Google's Eric Schmidt on the Google Review
- 18 May 2011
- From the section Technology
And luckily, on the very day that the review recommending changes in the UK copyright regime was published, Eric Schmidt was around to be quizzed.
The man who's just moved out of the CEO's office to make way for Larry Page spent half an hour talking to journalists during a break at a Google event in a Hertfordshire hotel.
When I asked him whether Google's founders had - as David Cameron claimed - said they could never have started their business in the UK because of our copyright laws, he looked puzzled.
"I'm not aware of that quote," he said.
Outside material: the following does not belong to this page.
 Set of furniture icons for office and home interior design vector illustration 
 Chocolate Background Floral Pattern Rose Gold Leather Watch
But Mr Schmidt said he did believe that it was still easier to get a business like Google underway in the United States than in Europe.
"You need to be able to get enough steam behind you before you get injuncted out of existence," he explained.
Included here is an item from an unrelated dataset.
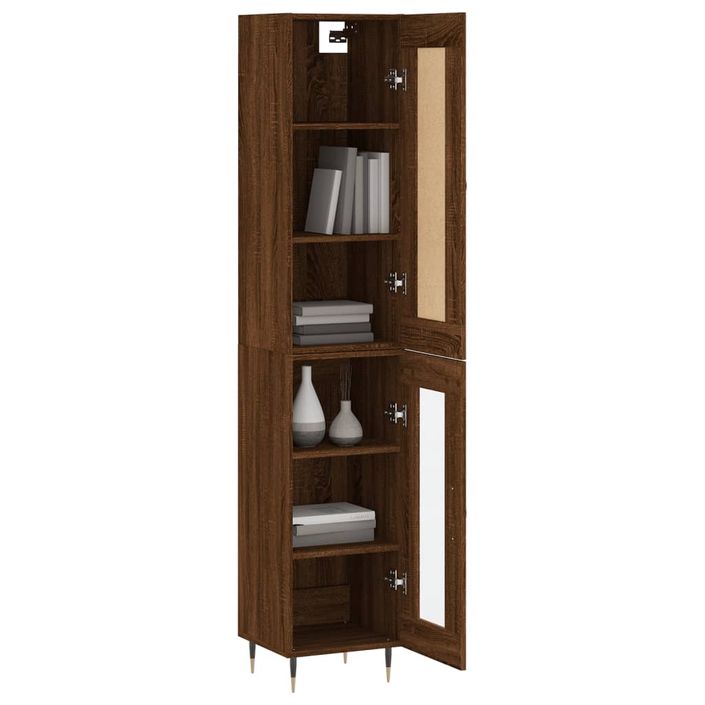 Buffet haut Chêne marron 34,5x34x180 cm Bois d'ingénierie - Photo n°3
He had only seen a one paragraph summary of the Hargreaves conclusions - which of course do not advocate bringing in the American fair use system - but he said Google was supportive of the report.
And when we went on to discuss the recent launch of the Google Music service there was a good example of how adjusting the copyright laws could help get innovative ventures off the ground.
The service, only available in the US, enables users to store their music on Google's servers in the "cloud", so that they can use it on any connected device.
But it was launched without an agreement with the music industry after very lengthy negotiations, which, according to Eric Schmidt, did not fail for lack of effort on Google's part.
"It is completely legal under American law," he told us," because it's a personal back-up copy, not a shared copy." But would it be legal under UK law?
"That's a very good question," he replied, going on to say the company had made a decision not to launch outside the US because of legal concerns.
But one of the measures proposed by Hargreaves - permitting so-called "format shifting" where users copy music for personal use, could change the outlook for this kind of service.
Mind you, a music industry executive told me last week that he and his colleagues would not be at all enthusiastic about a UK version of the service from the company they regard as one of the prime facilitators of piracy.
On another hot issue, the incident last week which saw Facebook revealed as having tried to plant negative stories about Google, Mr Schmidt refused to be drawn.
"Ask Facebook about Facebook, ask Google about Google," was all he'd say. Luckily, his amiable European director of communications DJ Collins intervened: "If I suggested we did something like that, I'd be fired," he said. Phew, thought the assembled hacks, we've got our quote. Thanks, DJ.